I was just at the biennial institute that is part of the Sami Rohr’s prize’s legacy. It’s a gathering of all the winners, finalists, and judges of the prize for a three-day discussion about writing, Jewishness, and where the two converge. It took place this year in Chautauqua, New York. Everyone touched by the prize expressed just how much it does to change the life of a young writer — bringing recognition, opening up opportunities to work on the next book, and offering the affirmation that you are on the correct path, that you should continue the writing life despite the self-doubt and incessant hurdles. All that Sami Rohr gave to me.
The ceremony for the prize was held this year in Jerusalem at the King David hotel in April. It takes place in New York or Israel in alternating years and it was a lucky coincidence for me that I received it in a country where most of my family lives. My quite elderly maternal grandparents, aunts and uncles, and many, many cousins would all be able be there and finally get to see that I had actually amounted to something. I come from relatively working class people and a book writer had always been a mysterious thing to my family, someone who might be doing nothing or something quite significant. It wasn’t exactly clear to them.

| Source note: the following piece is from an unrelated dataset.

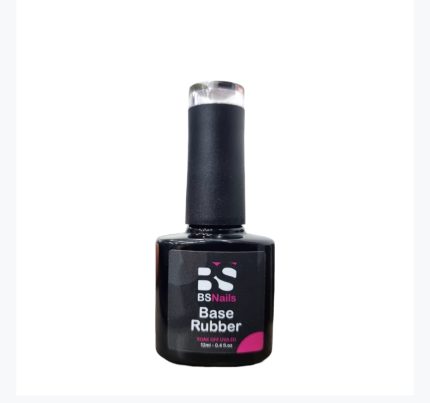 Base Rubber Clear 12ml Bs Nails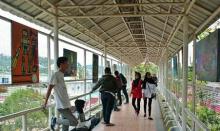 Lalu-Lintas Makin Ramai, Batam Butuh Lebih Banyak Jembatan Penyeberangan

The Rohr family put on a wonderful ceremony, one that probably fulfilled my lifetime quota of naches for my family. But there was something more significant for me that evening than being personally celebrated. It was how Sami Rohr treated my grandparents. I was worried that they wouldn’t fit in, that they would be uncomfortable in this setting. But when I walked in to the ballroom where the reception took place, I saw that my grandfather was sitting right next to Sami, where he stayed all evening. Sami was born in Berlin and had fled, first to Switzerland, France, and then eventually to South America. They had much to talk about in Yiddish and Sami listened as my grandparents told their own stories of survival. Sami also told them how proud he was that I had received his prize – something they repeated to me again and again up until this morning when I called to tell them that he had passed away.
It made me that much more impressed by the man. He had not only the gift of tremendous and selfless generosity. He also had something equally if not more important: humility.